──────── AVAILABLE RECORDS
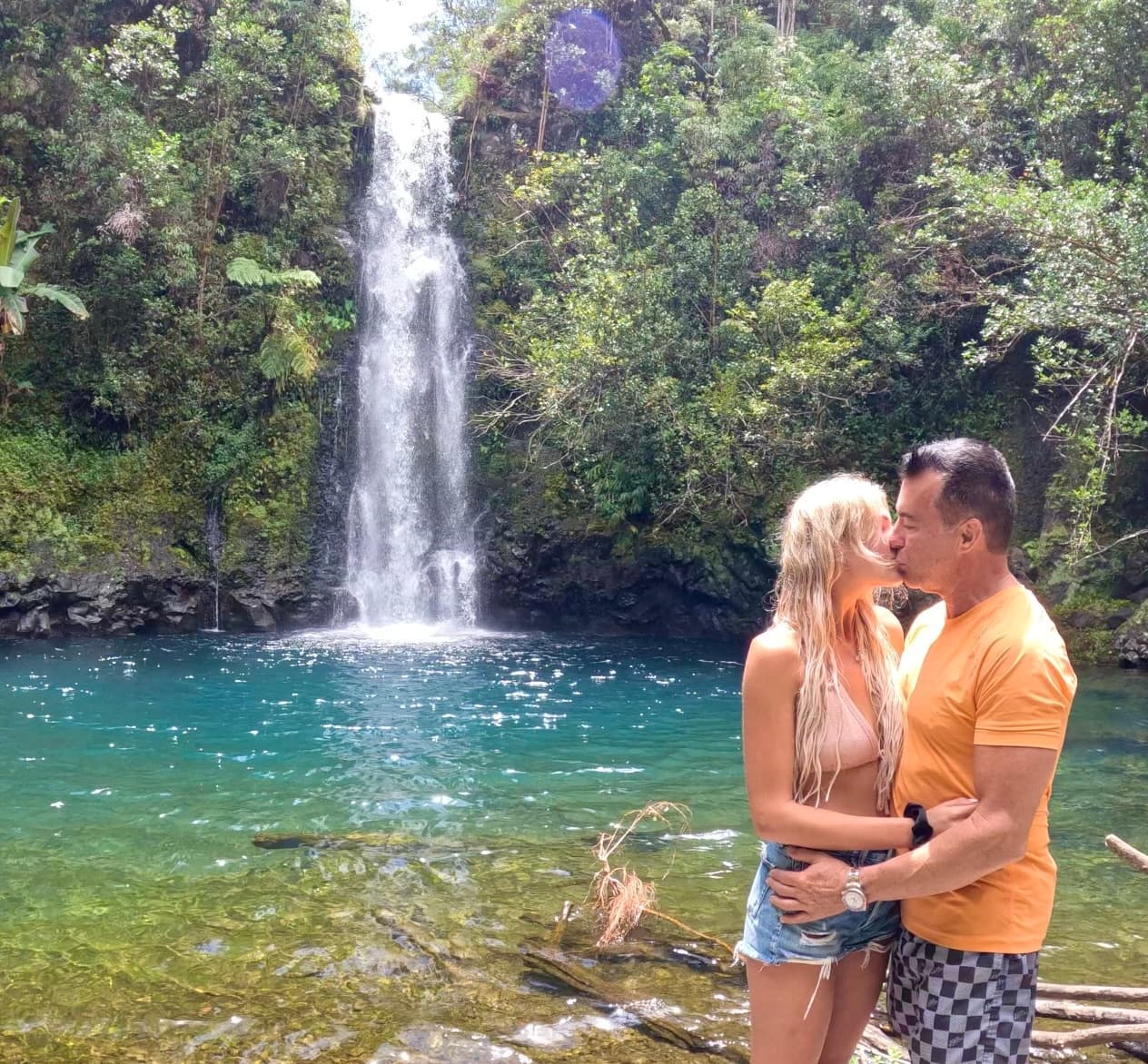 Couple embracing by turquoise waterfall pool in lush jungle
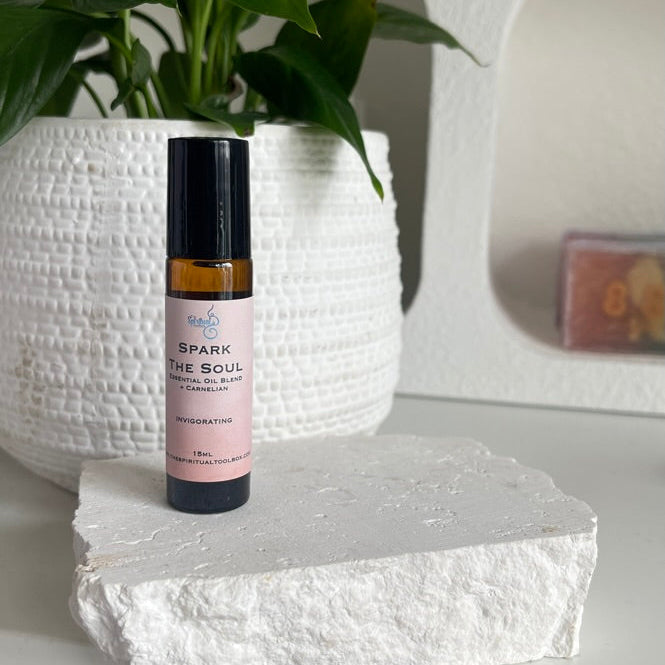 Small bottle with a orange label on a white surface with a plant in the background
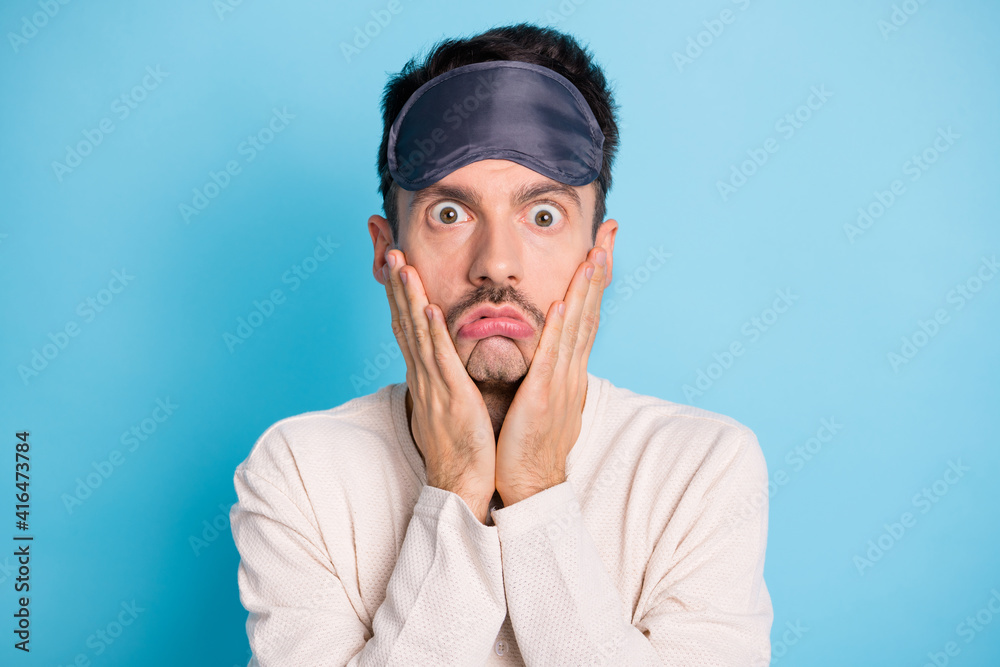 Portrait of nice worried tired bored brunet guy wearing sleep mask bad mood insomnia isolated over bright blue color background Portrait of nice worried tired bored brunet guy wearing sleep mask bad mood insomnia isolated over bright blue color background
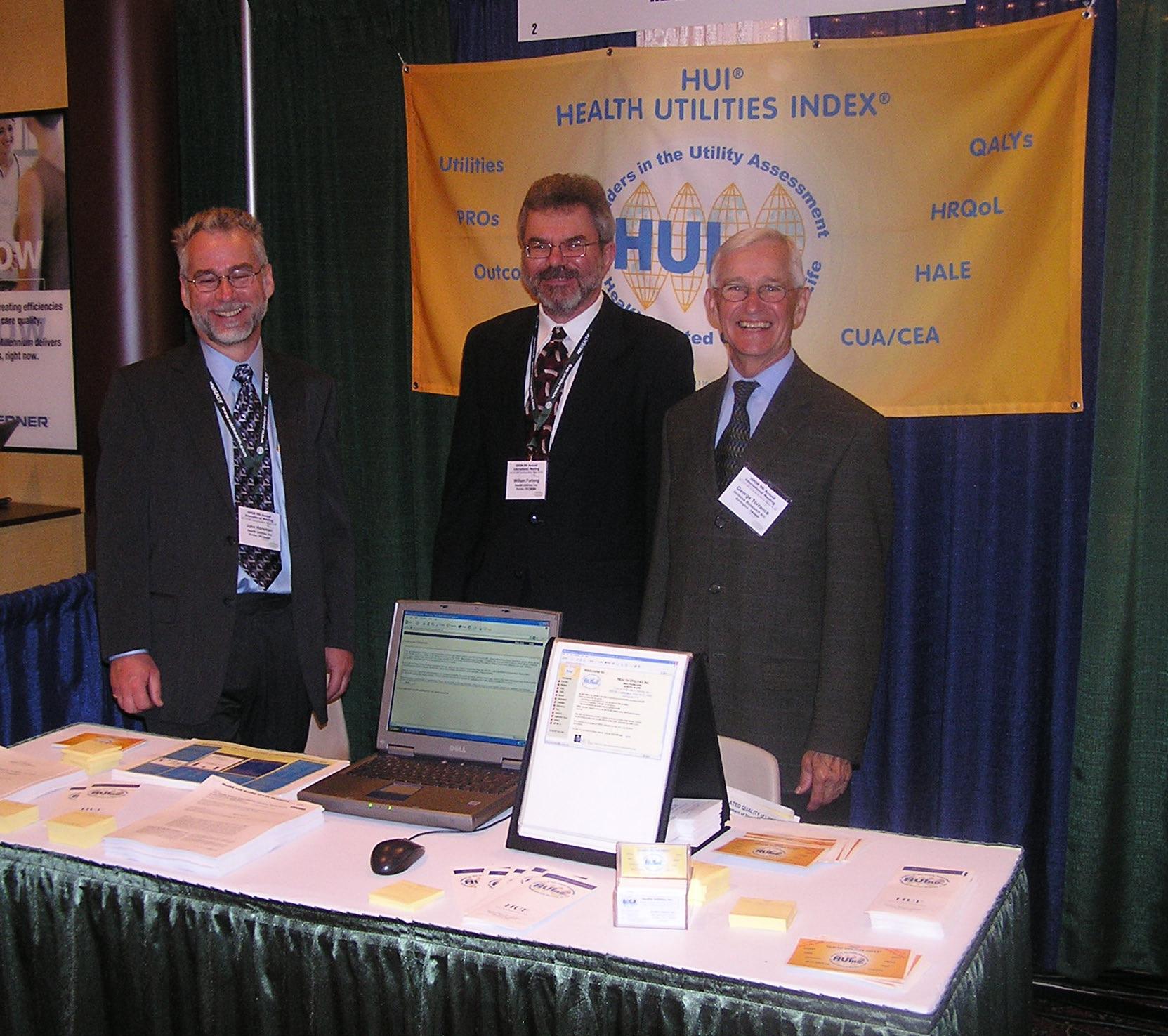 L to R - John Horsman, Bill Furlong, George Torrance at the HUInc Booth, International Society for Pharmacoeconomics and Outcomes Research - ISPOR, May 2003, Arlington, VA, USA.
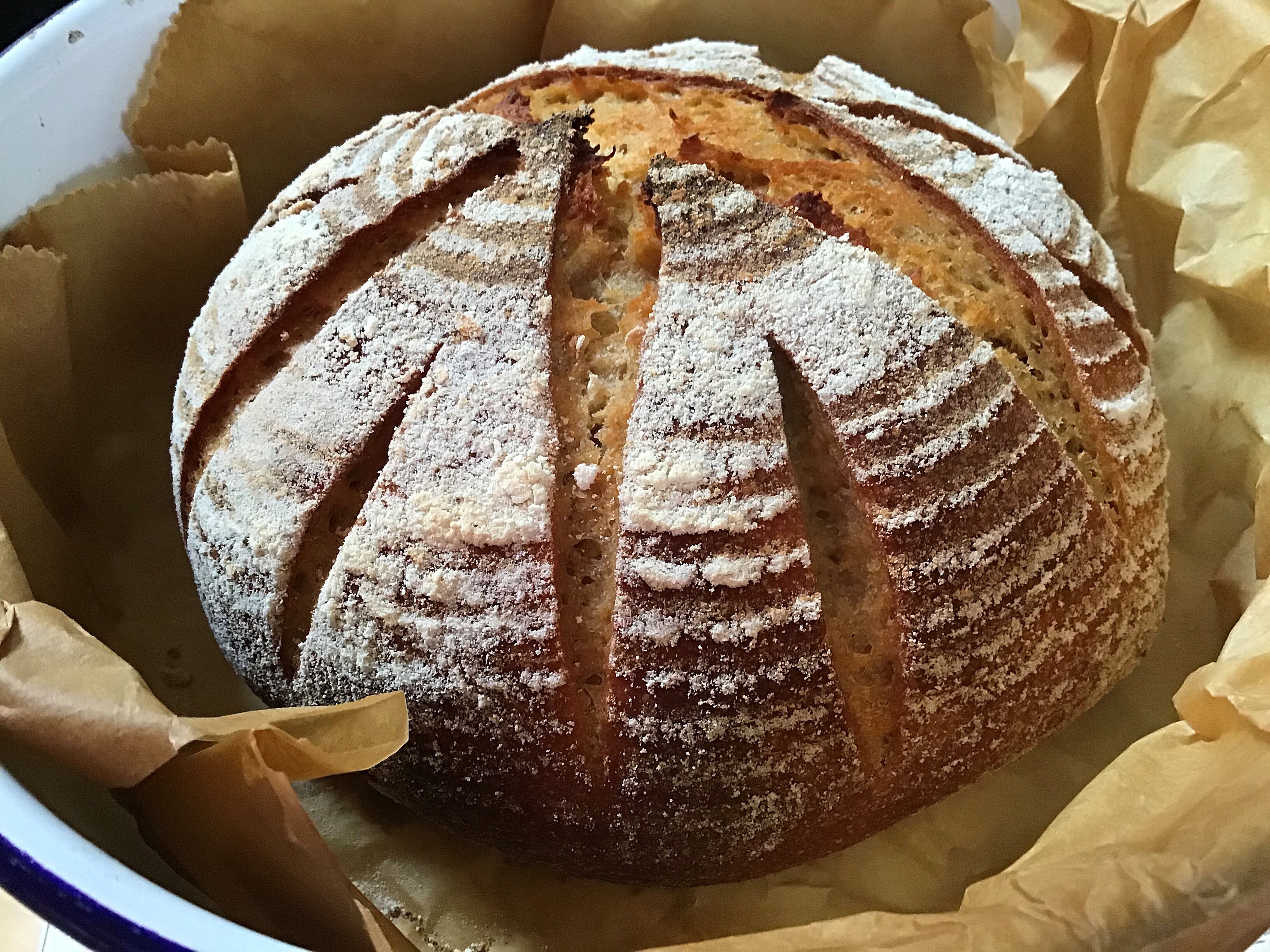 A loaf of bread in a basket with some type of crust.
────────────────
THE PROBLEM ▸ Could the entries above be printed again exactly, apart from the pictures?

EXERCISE RESPONSE ▸
 Couple embracing by turquoise waterfall pool in lush jungle
 Small bottle with a orange label on a white surface with a plant in the background
 Portrait of nice worried tired bored brunet guy wearing sleep mask bad mood insomnia isolated over bright blue color background Portrait of nice worried tired bored brunet guy wearing sleep mask bad mood insomnia isolated over bright blue color background
 L to R - John Horsman, Bill Furlong, George Torrance at the HUInc Booth, International Society for Pharmacoeconomics and Outcomes Research - ISPOR, May 2003, Arlington, VA, USA.
 A loaf of bread in a basket with some type of crust.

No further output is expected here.